FERC Approves Vistra Purchase of Energy Harbor, Requires Divestment

FERC on Feb. 16 approved Vistra Energy’s deal to buy Energy Harbor, which it wants largely for its four nuclear plants and retail business, for $3 billion plus paying off $430 million of debt (EC23-74). The commission required divestment of two of Vistra’s fossil plants in PJM. 

Vistra plans to launch a new subsidiary combining its clean energy generation and retail business called “Vistra Vision” of which 15% will be owned by Energy Harbor shareholders, while spinning off its natural gas and coal units into a separate subsidiary called “Vistra Tradition.” 

Energy Harbor is the competitive generation and retail business spun off from FirstEnergy several years ago. It owns three nuclear plants: Beaver Valley Power Station at 1,969 MW, the Davis-Besse Plant at 962 MW and the Perry Nuclear Power Plant at 1,302 MW.  

Energy Harbor also owns some fossil plants, and Vistra already owns generation in PJM. The merging firms argued their impact on competition should be measured against the whole RTO, while PJM’s Independent Market Monitor, the U.S. Department of Justice’s Antitrust Division and the Ohio Consumers Counsel all argued FERC needed to consider smaller submarkets. 
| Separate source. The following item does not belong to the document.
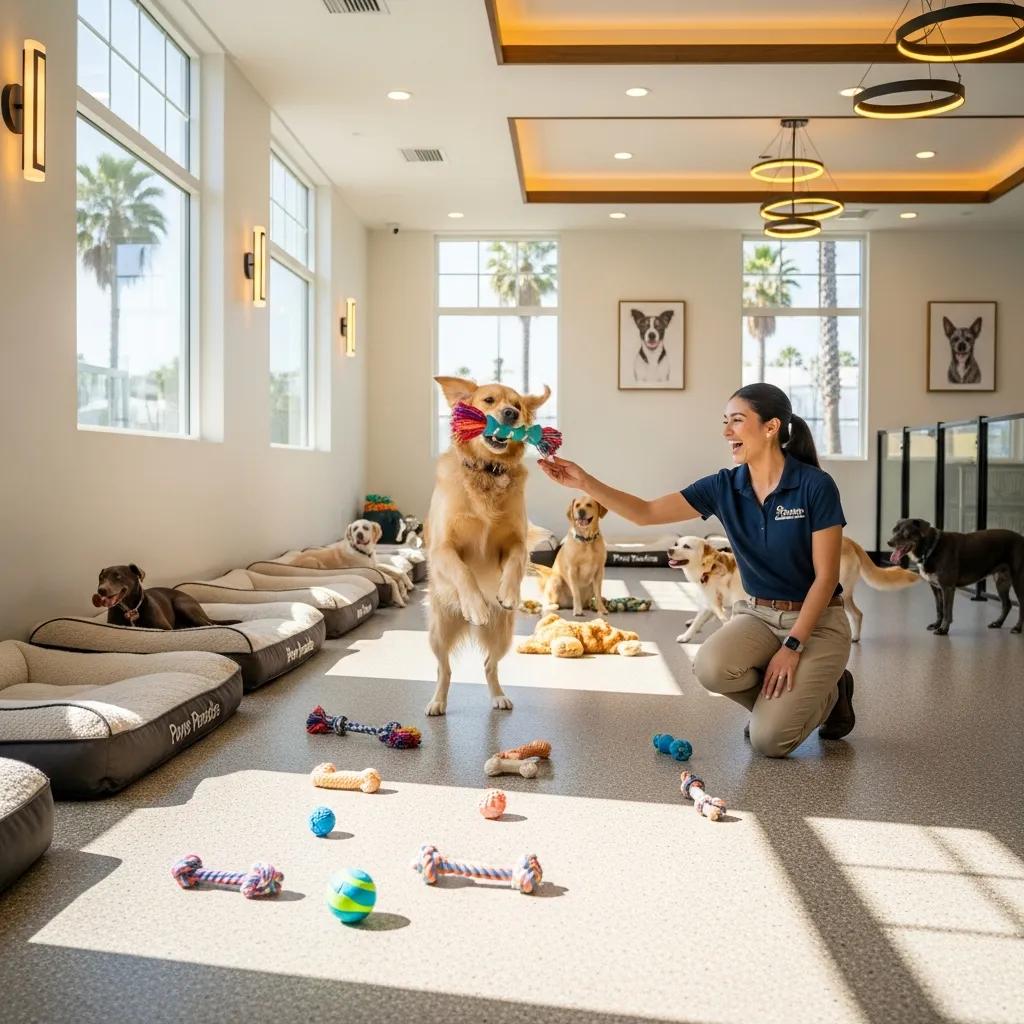 Happy dog enjoying a luxurious boarding facility in Los Angeles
Both Energy Harbor and Vistra own generation in the American Transmission System Inc. (ATSI) zone, so Vistra agreed to sell off its 369-MW Richland natural gas peaking plant and its 16-MW Stryker oil plant to end concerns over an excess of power in that submarket of PJM. 
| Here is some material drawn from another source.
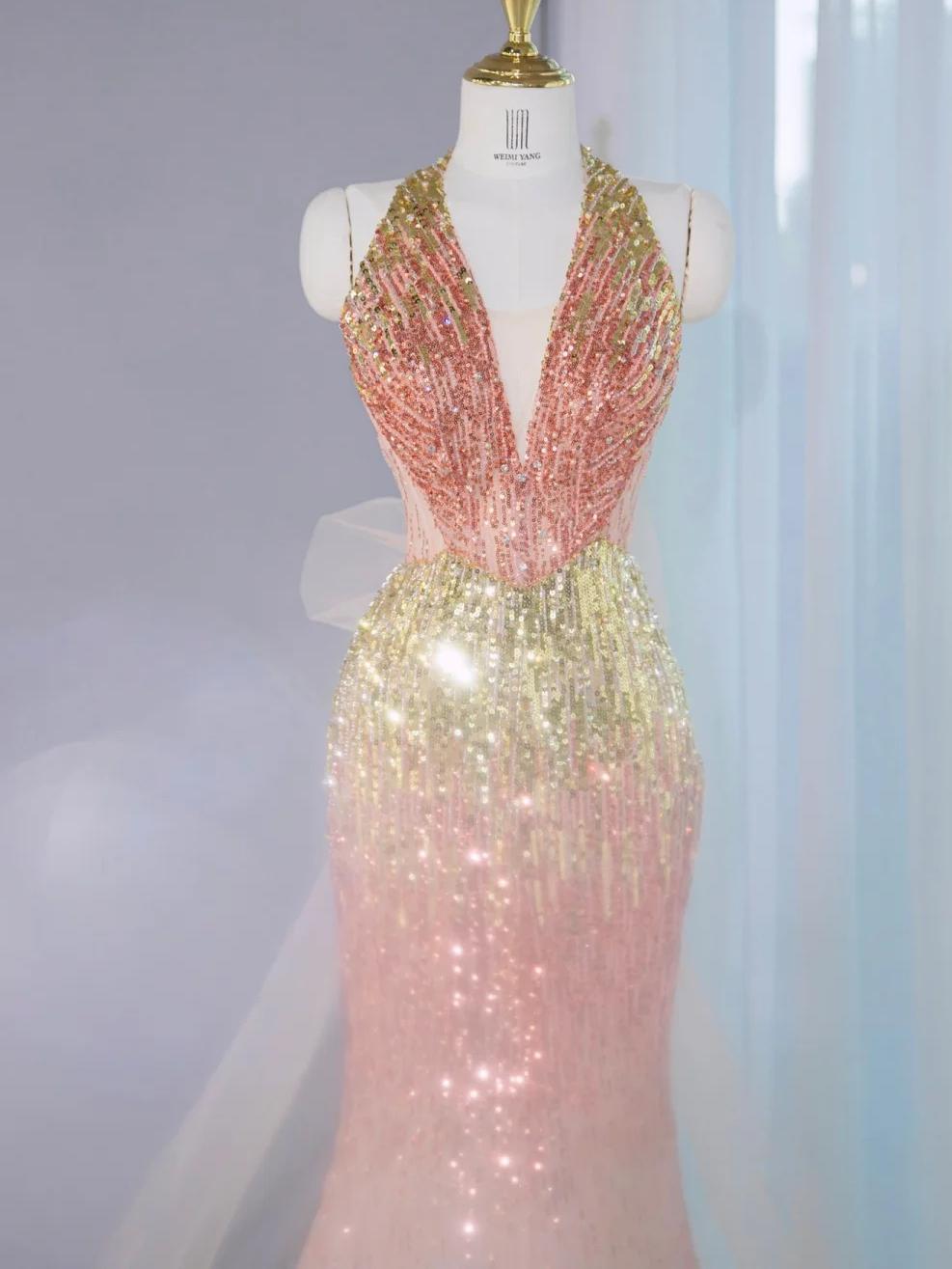 Ombre Peach Tulle V-Neck Mermaid Gold Sequins Long Prom Dresses Glam Formal Evening Dress HZ1024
The sale of those plants “obviates the need” for FERC to determine any submarkets relevant to the transaction so it focused on its impact on PJM as a whole, the order said. 

“After the proposed transaction closes and after completing the divestiture of Richland-Stryker, the Davis-Besse and Perry generating units, currently owned by Energy Harbor, will comprise the only units owned by Vistra in the ATSI transmission zone,” FERC said. “Furthermore, as discussed below, Vistra must sell Richland-Stryker to a buyer that will not fail the horizontal competitive analysis screens, including the delivered price test, for the PJM market or any relevant submarket, post-transaction.” 

FERC was not convinced the deal would impact any other submarkets, saying they failed to show any consistent price separation caused by transmission constraints that would indicate a submarket under commission precedent. The commission found the deal would not impact the whole of PJM either, and declined to adopt behavioral requirements suggested by the Monitor. 

“The PJM IMM relies on perceived existing limitations in PJM’s market power mitigation as the basis for proposing additional behavioral mitigation,” the order said. “These arguments are directed at the effectiveness of the PJM markets and mitigation measures as a general matter.” 

FERC declined to deal with such general issues in this merger case, saying it is not the appropriate venue for that. 

The IMM also used a different analysis than what FERC employs in merger reviews to argue the combined firm would have market power in PJM, especially in local markets. DOJ’s Antitrust Division also wanted FERC to use a “supply curve” analysis to review the deal. 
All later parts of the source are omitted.